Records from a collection

--------------------------------

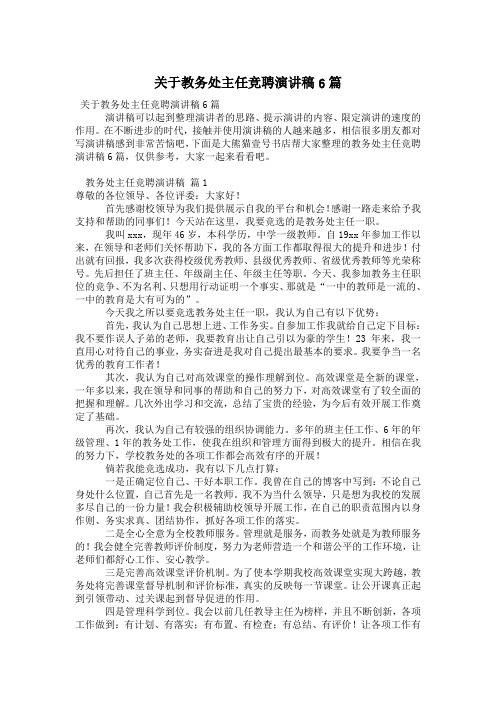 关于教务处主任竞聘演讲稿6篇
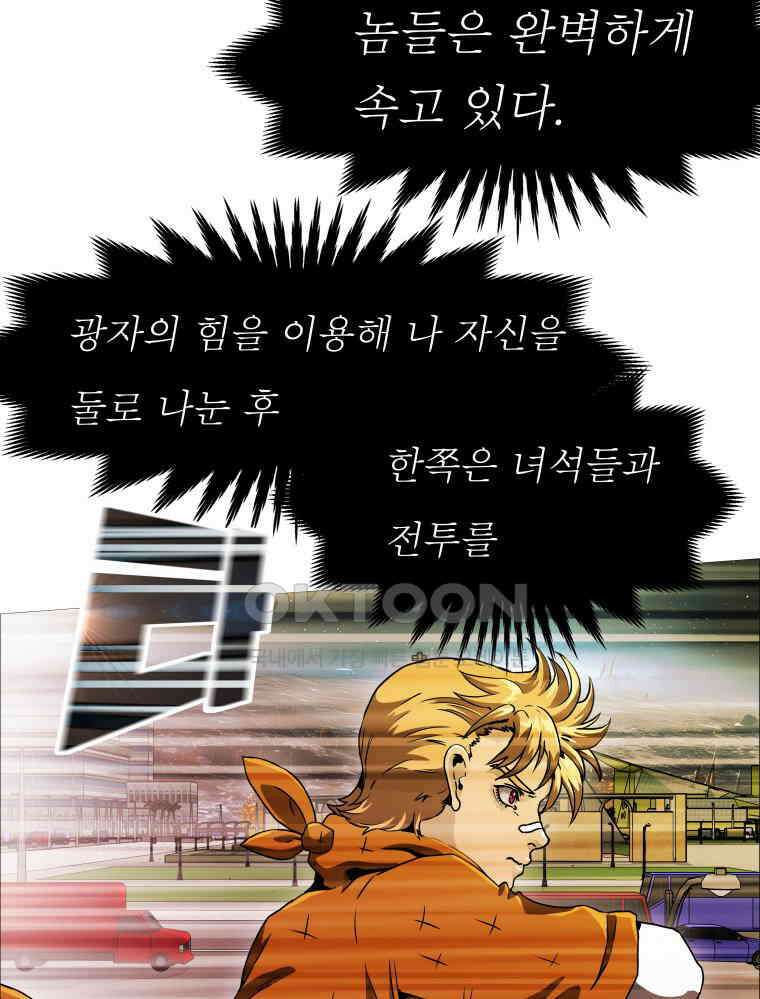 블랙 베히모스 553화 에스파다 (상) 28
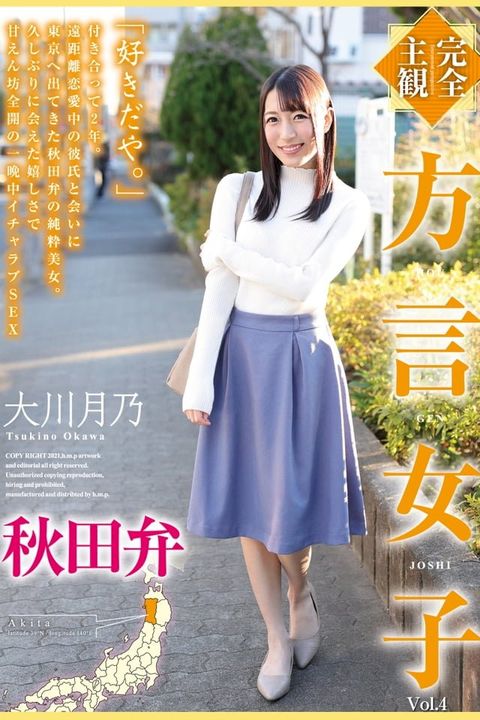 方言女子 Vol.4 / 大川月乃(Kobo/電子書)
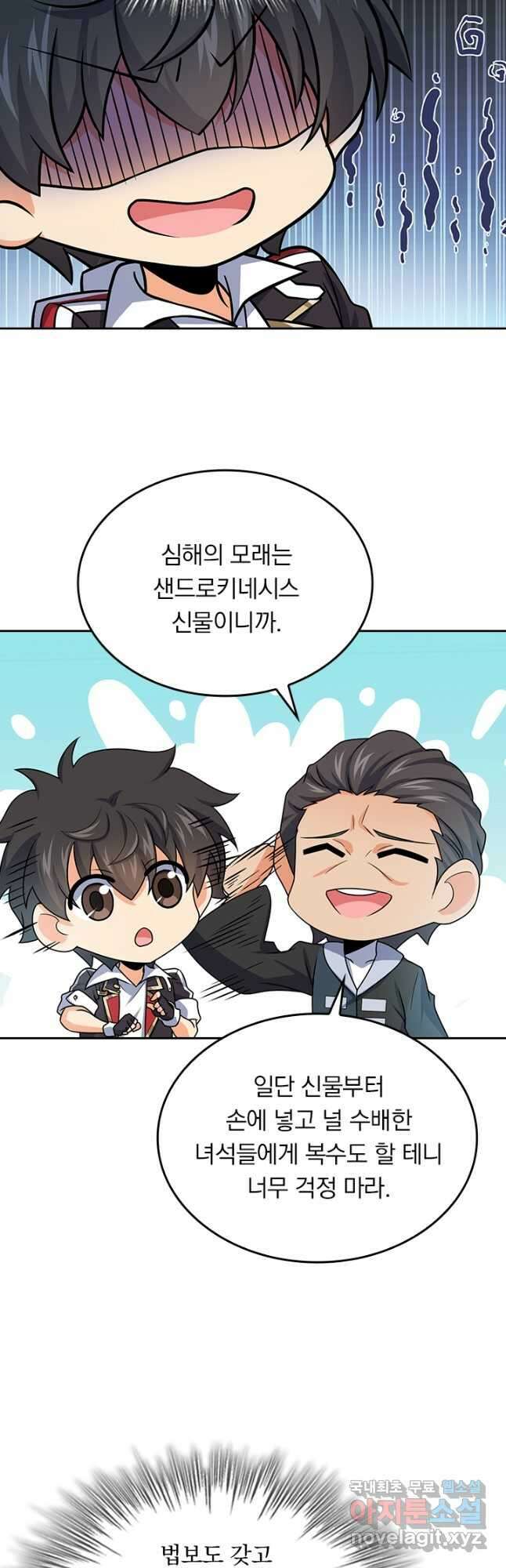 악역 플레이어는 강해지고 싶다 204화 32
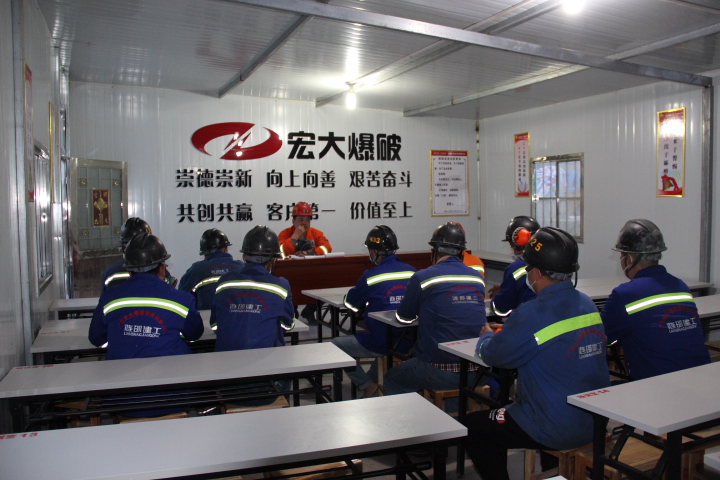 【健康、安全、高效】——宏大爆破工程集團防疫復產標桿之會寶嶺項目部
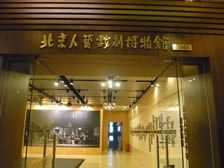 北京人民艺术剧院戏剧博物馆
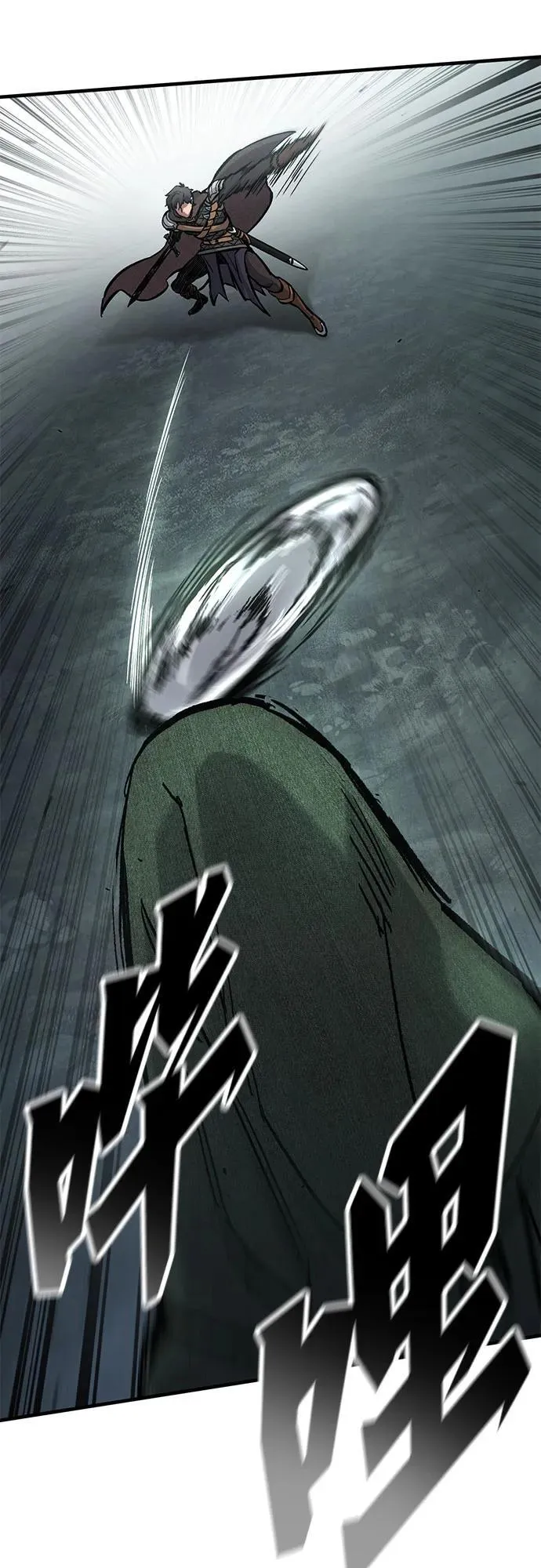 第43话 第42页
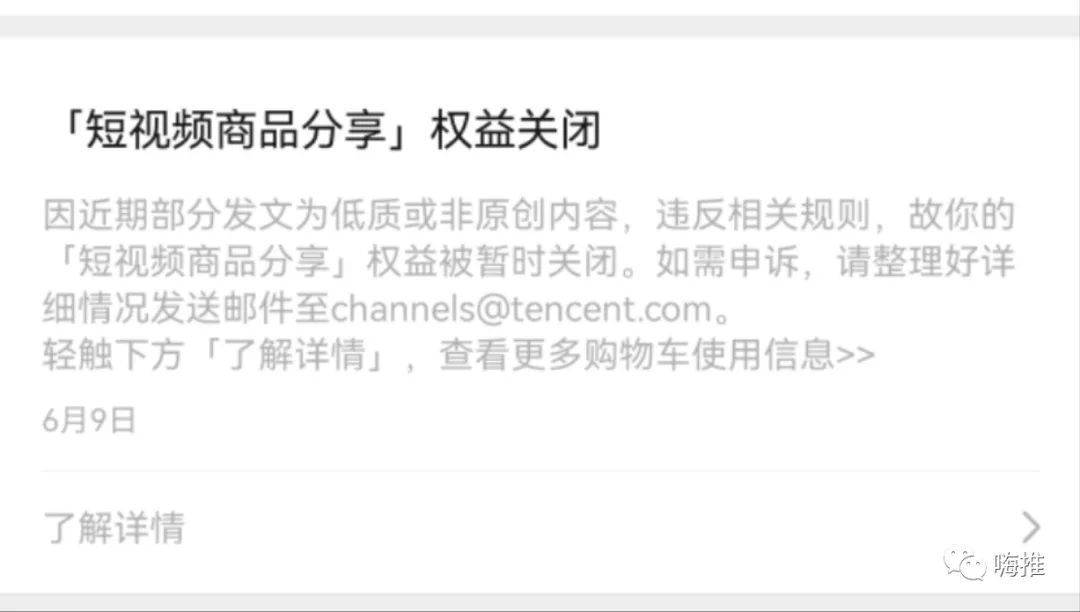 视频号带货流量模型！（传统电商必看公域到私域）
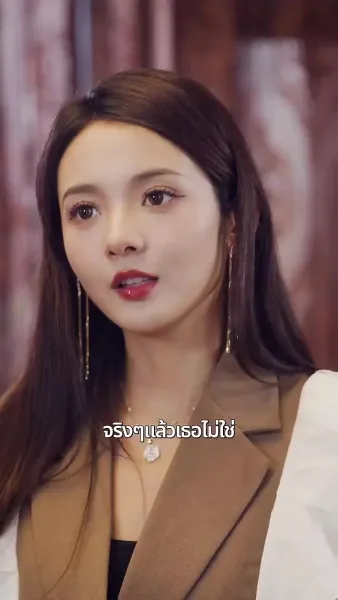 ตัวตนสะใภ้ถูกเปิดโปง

--------------------------------

### What to work on
Pictures stay out. Copy exactly, and only, the lines from the one containing "블랙 베히모스 553화 에스파다 (상) 28" through the end of the data.

### Result of the task
 블랙 베히모스 553화 에스파다 (상) 28
 方言女子 Vol.4 / 大川月乃(Kobo/電子書)
 악역 플레이어는 강해지고 싶다 204화 32
 【健康、安全、高效】——宏大爆破工程集團防疫復產標桿之會寶嶺項目部
 北京人民艺术剧院戏剧博物馆
 第43话 第42页
 视频号带货流量模型！（传统电商必看公域到私域）
 ตัวตนสะใภ้ถูกเปิดโปง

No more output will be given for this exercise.